A Brief Act of Kindness

Saturday morning, before we began our trek to SoCal, Fuzzy and I were sitting in our favorite bagel shop, chatting about inconsequentials, and just enjoying the day, when the Woman in Black came in.

While she wasn't really a Woman in Black, in the sense of the political group, she was a woman, and she was black-clad from her ratty hooded sweatshirt, to the cotton dress, full of holes and split to mid thigh (more on one side than the other because the seam had ripped).

When she walked, it was impossible not to see that she was wearing red, white, and blue plaid knee-high socks under the dress. I don't remember what her shoes were. Some kind of sneaker, I think. She was muttering to herself, which is really what gave her away as being homeless.

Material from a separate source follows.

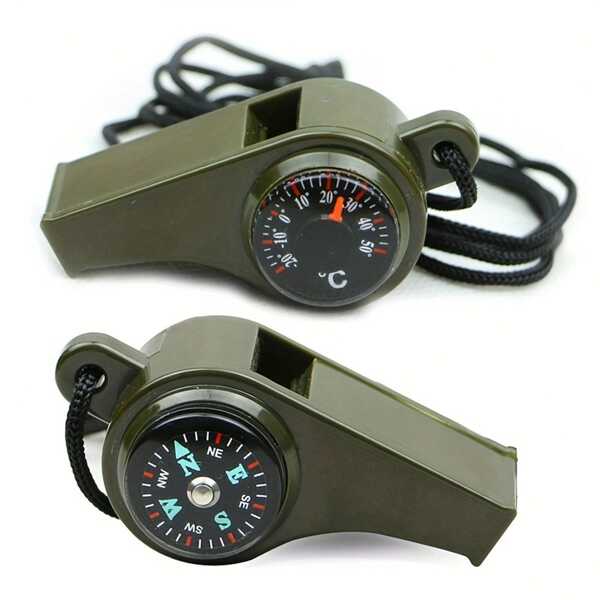 Olive Green 3-In-1 Emergency Survival Whistle With Compass, Thermometer And Lanyard - Durable PP Material, Ideal For Camping, Hiking And Outdoor Activities, Camping Accessories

As did her first action: She picked up a napkin dispenser, carried around, then sat in a corner, pulled all the napkins out, and stuffed them in her purse.

I was midway through my bagel, and the cream cheese just didn't taste right to me that morning. I'd been complaining to Fuzzy of that since we'd begun to eat. So I told him, “You can finish that, if you want,” and wandered out of the bagel place and into Starbucks for road-fuel in the form of a caramel frappucino.

A few minutes later, mission accomplished, I returned, in time to see Fuzzy handing off my bagel to the Woman in Black. And I thought, “Wow, what a cool thing to do.”

He reports that when he offered it to her, the initial response was “What is it.” A bagel, he answered, with cream cheese.

“Oh,” she replied. “I like cream cheese.”

* * *

It's her last comment that made the encounter stick in my mind. Before I met Fuzzy, my mother and I had a winter ritual of helping to cook holiday meals at a local homeless shelter, and one of the things we always boggled at was the way people who are literally scrounging for their next meal would turn away parts of the dinner, “Oh,” they'd sniff. “I hate green beans.”

I suppose it's about control. Sometimes turning down green beans can be the most empowering thing you do all week.

Spores!

While we were in the hotel, I started reading the book Bread Alone, a novel about a woman of roughly my age who is essentially a trophy wife. When her husband informs her that he needs space, she flees to her best friend in Seattle, and starts baking bread, something she hasn't really done since a foreign exchange trip in college, where she apprenticed in a boulangerie in France.

Interspersed throughout the book are recipies for everything from peasant bread to Tassajara's banana yeast bread to pumpkin muffins (a personal favorite). This book, like A Year in Provence made me want to taste everything. Alas, when I began to read, even room service had shut down for the night.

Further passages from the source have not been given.